Feature/sorted sets #523

zonotope · 2023-07-05T22:05:28Z

This patch replaces clojure.data.avl with persistent-sorted-set as the sorted set implementation backing the 5 core indexes.

A number of changes had to be made to the internal indexing apis to make them compatible with persistent-sorted-set:

persistent-sorted-set does not support sorted maps, so our index branch nodes now use a sorted set instead of a sorted map to organize the branch's children.
- There is a new index node comparator derived from our standard flake comparators to compare branch nodes. The node comparator treats nodes whose flake ranges overlap as equal, and disjoint branch nodes are compared by comparing their branch intervals.
- In order to find a range of a branch node's children between two flakes, we now construct two dummy "nodes" out of those flakes, one fore each flake endpoint, whose :first-flake and :rhs attributes are each set to the specified endpoint. The index node comparator defined above will return the correct range using these two nodes.
persistent-sorted-set supports efficiently creating sequential subranges called slices which are not themselves sorted sets, unlike clojure.data.avl which directly creates subsets from its subrange api. Changes have been made here to ensure that no set operations were ever directly performed on slices.
persistent-supported-set does not support > or < order checks in its slice api, opting instead to only implicitly support >= and <=. This could mean that there could be two index nodes which share and endpoint (the :rhs of one is equal to the :first-flake of the next). I don't think this will be an issue in practices because this should only matter when integrating novelty into existing nodes, and all the nodes in novelty should have at least a different t value than the flakes in any of the existing nodes, so we shouldn't run into nodes that actually share endpoints in practice. The other place this might matter is while re-balancing leaf nodes when the overflow limit is hit, but this patch includes code to explicitly drop overlapping flakes after a split operation.

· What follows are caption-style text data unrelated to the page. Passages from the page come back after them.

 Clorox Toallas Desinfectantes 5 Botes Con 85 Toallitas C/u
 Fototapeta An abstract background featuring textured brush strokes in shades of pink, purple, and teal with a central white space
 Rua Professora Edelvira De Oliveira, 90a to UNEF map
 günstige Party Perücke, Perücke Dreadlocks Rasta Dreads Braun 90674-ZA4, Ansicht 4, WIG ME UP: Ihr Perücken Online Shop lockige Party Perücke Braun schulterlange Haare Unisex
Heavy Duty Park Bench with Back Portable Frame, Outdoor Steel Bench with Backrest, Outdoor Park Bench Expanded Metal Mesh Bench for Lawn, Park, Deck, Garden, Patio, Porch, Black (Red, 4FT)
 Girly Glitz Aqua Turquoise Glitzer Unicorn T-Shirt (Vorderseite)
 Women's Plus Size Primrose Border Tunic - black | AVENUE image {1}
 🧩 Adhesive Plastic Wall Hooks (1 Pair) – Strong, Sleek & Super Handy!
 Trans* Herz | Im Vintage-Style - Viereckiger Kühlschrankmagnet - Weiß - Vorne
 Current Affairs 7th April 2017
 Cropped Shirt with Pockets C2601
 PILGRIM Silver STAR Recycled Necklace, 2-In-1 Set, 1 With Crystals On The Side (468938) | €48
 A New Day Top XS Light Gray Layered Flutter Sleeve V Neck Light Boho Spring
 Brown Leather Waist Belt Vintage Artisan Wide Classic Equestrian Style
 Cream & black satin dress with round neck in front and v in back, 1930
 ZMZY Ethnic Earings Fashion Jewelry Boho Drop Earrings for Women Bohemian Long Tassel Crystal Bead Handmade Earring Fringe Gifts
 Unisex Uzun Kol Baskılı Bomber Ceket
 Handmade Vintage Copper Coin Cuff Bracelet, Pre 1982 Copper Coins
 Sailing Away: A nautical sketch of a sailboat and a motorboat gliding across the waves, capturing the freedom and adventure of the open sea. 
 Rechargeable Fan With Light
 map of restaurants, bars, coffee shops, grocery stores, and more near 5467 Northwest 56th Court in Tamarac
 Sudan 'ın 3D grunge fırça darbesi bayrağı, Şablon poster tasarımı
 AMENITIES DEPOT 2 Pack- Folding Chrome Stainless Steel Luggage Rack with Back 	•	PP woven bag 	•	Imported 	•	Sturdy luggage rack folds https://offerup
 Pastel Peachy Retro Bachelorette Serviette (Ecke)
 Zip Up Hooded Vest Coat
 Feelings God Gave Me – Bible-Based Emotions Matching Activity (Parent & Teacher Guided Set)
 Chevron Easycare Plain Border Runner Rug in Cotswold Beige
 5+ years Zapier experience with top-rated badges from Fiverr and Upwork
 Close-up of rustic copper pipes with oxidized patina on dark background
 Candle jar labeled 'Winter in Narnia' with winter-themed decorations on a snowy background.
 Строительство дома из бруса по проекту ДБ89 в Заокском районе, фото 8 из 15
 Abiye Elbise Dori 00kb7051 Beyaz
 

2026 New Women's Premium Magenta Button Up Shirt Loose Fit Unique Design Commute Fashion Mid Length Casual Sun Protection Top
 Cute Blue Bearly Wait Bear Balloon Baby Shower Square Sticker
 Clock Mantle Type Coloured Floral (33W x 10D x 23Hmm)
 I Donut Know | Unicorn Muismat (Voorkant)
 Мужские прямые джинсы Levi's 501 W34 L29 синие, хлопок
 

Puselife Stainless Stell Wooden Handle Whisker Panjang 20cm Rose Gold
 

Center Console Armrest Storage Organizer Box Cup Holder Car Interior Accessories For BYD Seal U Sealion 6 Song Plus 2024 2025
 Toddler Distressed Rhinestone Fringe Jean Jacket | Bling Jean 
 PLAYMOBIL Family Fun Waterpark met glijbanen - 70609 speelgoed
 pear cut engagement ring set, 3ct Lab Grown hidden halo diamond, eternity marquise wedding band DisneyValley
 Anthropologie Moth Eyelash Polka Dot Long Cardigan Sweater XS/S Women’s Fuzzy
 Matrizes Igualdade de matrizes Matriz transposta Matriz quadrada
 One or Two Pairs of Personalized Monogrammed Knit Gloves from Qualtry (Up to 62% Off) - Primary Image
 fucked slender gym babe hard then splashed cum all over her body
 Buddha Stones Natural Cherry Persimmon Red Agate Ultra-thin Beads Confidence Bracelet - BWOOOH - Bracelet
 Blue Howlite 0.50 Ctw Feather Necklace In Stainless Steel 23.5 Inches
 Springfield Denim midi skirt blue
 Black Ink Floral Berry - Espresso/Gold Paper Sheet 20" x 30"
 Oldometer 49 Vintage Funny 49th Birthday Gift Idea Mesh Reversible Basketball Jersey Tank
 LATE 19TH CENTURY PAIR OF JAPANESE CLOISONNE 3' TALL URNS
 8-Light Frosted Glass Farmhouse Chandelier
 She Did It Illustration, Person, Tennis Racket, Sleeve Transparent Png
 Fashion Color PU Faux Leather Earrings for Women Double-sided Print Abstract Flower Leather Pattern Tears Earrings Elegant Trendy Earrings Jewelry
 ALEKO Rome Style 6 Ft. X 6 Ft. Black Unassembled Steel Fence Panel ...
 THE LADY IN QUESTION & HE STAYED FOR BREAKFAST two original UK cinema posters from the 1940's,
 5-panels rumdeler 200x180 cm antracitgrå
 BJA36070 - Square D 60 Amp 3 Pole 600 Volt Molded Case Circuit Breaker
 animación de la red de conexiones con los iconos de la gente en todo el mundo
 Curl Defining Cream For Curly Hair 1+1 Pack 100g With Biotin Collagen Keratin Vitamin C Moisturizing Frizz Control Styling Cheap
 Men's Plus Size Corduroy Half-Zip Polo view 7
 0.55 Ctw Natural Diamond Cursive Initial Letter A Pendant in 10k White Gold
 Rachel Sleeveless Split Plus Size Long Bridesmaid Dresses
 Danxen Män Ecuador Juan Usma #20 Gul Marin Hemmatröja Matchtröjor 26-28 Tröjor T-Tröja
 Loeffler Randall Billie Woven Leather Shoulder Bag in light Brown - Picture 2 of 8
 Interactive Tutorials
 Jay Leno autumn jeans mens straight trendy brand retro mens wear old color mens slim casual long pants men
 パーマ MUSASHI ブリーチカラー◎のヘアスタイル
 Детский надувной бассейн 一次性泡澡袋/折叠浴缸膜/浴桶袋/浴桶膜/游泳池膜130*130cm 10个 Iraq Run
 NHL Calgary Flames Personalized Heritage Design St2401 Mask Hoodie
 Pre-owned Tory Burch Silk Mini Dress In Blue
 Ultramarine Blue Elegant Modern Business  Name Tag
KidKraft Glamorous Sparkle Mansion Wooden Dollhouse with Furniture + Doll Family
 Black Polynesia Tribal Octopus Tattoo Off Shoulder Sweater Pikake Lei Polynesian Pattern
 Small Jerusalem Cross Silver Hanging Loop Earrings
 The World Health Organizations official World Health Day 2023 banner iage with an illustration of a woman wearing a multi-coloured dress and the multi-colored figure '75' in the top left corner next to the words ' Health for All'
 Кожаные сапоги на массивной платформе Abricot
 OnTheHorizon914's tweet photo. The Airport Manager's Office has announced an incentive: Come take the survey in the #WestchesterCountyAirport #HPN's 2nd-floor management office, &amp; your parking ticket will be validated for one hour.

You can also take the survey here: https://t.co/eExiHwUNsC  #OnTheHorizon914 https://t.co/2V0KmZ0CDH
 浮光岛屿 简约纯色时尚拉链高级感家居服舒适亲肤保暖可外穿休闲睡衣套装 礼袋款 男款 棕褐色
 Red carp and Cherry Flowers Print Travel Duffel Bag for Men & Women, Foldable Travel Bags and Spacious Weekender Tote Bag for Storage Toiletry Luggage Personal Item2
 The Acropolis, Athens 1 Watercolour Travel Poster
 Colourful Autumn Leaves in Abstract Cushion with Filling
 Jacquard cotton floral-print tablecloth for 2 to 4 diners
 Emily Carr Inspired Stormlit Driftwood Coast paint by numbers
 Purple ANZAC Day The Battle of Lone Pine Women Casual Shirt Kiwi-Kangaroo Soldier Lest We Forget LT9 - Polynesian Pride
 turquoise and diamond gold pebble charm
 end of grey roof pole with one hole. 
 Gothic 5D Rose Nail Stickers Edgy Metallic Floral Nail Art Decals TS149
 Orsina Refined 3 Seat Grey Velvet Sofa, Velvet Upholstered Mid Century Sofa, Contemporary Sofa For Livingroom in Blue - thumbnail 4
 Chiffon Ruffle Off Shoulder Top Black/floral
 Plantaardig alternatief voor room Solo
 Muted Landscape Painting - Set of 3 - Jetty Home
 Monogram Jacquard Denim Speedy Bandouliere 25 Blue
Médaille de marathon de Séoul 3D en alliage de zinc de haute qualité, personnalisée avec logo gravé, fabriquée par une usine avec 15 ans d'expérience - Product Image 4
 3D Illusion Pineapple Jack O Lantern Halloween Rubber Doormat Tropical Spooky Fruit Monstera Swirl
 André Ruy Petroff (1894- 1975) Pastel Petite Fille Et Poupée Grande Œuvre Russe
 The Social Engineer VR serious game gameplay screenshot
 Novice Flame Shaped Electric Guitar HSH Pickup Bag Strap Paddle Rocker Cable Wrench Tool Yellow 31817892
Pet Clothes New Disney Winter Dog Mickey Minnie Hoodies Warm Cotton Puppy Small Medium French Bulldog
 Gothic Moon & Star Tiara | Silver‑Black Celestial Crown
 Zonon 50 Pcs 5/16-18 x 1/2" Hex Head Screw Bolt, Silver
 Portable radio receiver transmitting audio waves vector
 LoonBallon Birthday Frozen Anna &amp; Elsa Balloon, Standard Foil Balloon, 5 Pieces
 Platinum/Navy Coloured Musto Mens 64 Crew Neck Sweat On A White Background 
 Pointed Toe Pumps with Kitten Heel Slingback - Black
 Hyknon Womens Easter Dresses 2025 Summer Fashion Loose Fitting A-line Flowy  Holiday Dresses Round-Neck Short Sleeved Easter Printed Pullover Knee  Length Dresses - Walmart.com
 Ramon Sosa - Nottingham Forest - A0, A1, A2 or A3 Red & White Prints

Some of the behavior of the internal apis also have changed to make use of the efficiencies of persistent sorted set. Now, we must pass a collection to sorted-set-by instead of individual flakes avoiding the need for apply. Also, sorted-set-by now expects the supplied collection of flakes to already be sorted because this kind of set creation is heavily optimized in persistent-sorted-set. All of the flake collections we had were already sorted anyway, so this shouldn't prove to be an issue.

Besides those changes, I took the time to simplify the api of tree-chan to cut down on the transducers we have to supply to it. Instead of always needing to limit the flakes returned between starting endpoints, that is now done automatically by passing the endpoints in as arguments. Also, there's no need for an include? function to pass in as an argument, since that can be accomplished with a filtering transducer.

Lastly, I removed a lot of unused and unnecessary code, and moved the logback-test.xml into a new test-resources directory so it wouldn't be active under the development profile.

I might be forgetting some other changes here because it's a lot.

If two nodes overlap, then they are equal. otherwise, compare them based on the flake interval they contain.

Use persistent sorted set's efficient slices so we don't have to consider all of a node's children (linear time) and we can instead limit it to only the children we care about in logarithmic time.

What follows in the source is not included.